You'll see the Dieselgate of PCs. It's very efficient and underclocked while being tested, but when a customer registers the product with the website, the driver app installs the normal performance profiles.
As long as it's trying to trigger on idle, I don't see how it would ever cause me a problem. If the CPU load is sufficiently low for cores to park, then let them.
If you want to disable core parking when not idle, that's fine, but it wouldn't even affect the measurements taken by this law.
Idle is pretty well defined. It's when you close the lid of the laptop or hit suspend. The CPU stops running entirely and ram is given some power to persist data.
Still a very annoying law because it prevents you from enabling stuff like wake-on-lan on modern PCs. You have to turn off all the power compliance toggles in the BIOS or it will power off the NIC and break a bunch of other stuff. If the vendor doesn't let you disable compliance mode, you're SoL.
Idle PCs consume roughly 0% of the country's energy. If they wanna reduce it anyway, they should put an energy star sticker on computers so people can save money with more efficient machines.
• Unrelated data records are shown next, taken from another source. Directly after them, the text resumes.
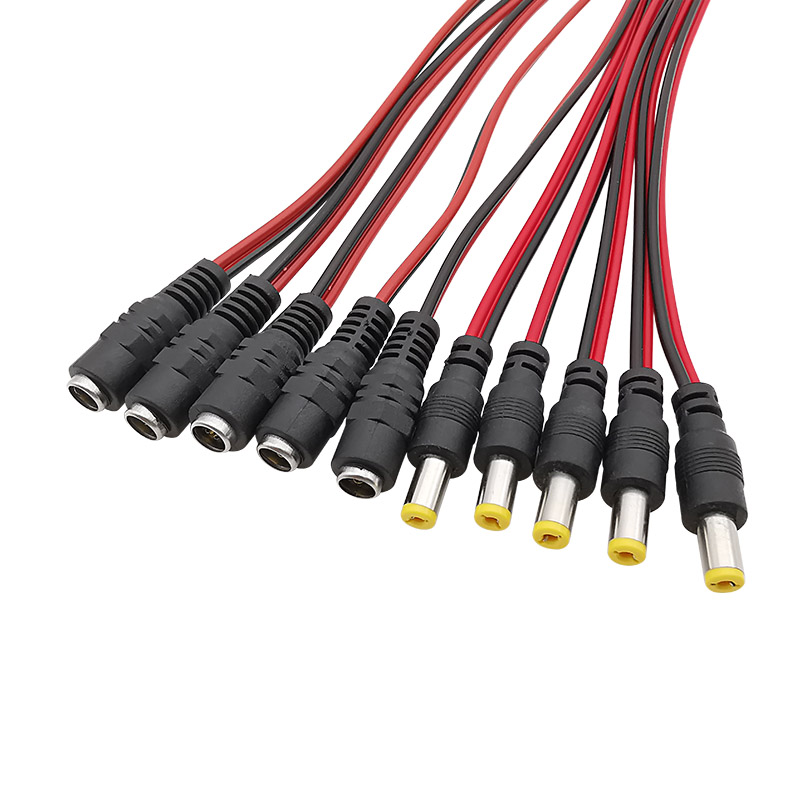 5.5mm x 2.1mm x 12v likestrømsstrøm hann-hunn-kontakt pigtail-forlengelseskabel ledningskontakt likestrømsplugg for led-stripelys cctv-kamera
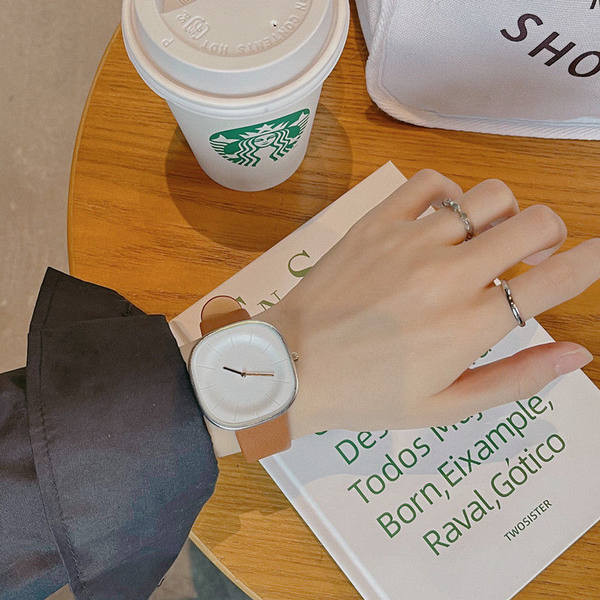 Ženski sat - kvadratnog oblika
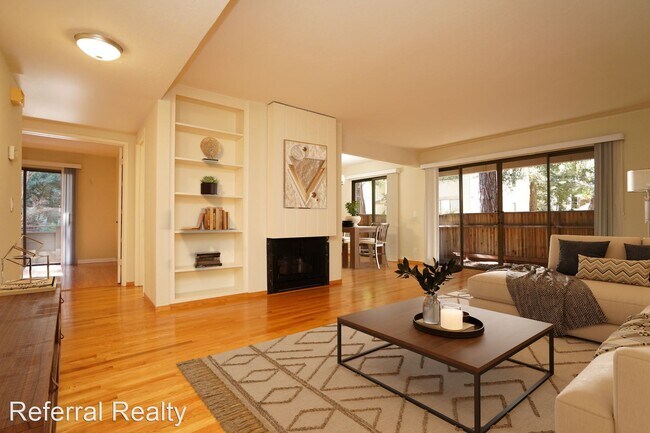 Foto del edificio - 3 br, 2 bath House - 20800 4th St. #1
Why can you not use wake on lan? Apple devices still have full networking capabilities while using less than 1w. It doesn't take over 11w to wake on lan unless the firmware is insanely inefficient.
This law will get mobo vendors to fix their products causing power savings world wide.
WOL and similar features do not change power consumption and this is not where the listed PC's fail. They fail on idle/standby power consumption and to be clear - there is NO reason they have to. Similar spec'd PC's can be purchased that meet these requirements.
Hmm I assumed that this was similar to the EU reg which did lead to NICs being turned off even when you have WoL enabled. The NIC definitely affects idle power consumption and I would not be surprised if vendors take the path of least resistance (disabling features that are only used by "power users") until their hardware meets the requirements.
I'm sure similar PCs meet the requirements, and I'm also sure they're more expensive on average because they are newer. Too bad consumers are not allowed to make choises for themselves.
Few PCs draw much power when idle. A dual-monitor flat screen setup probably draws more than most idle computers (but yet not in power saving state).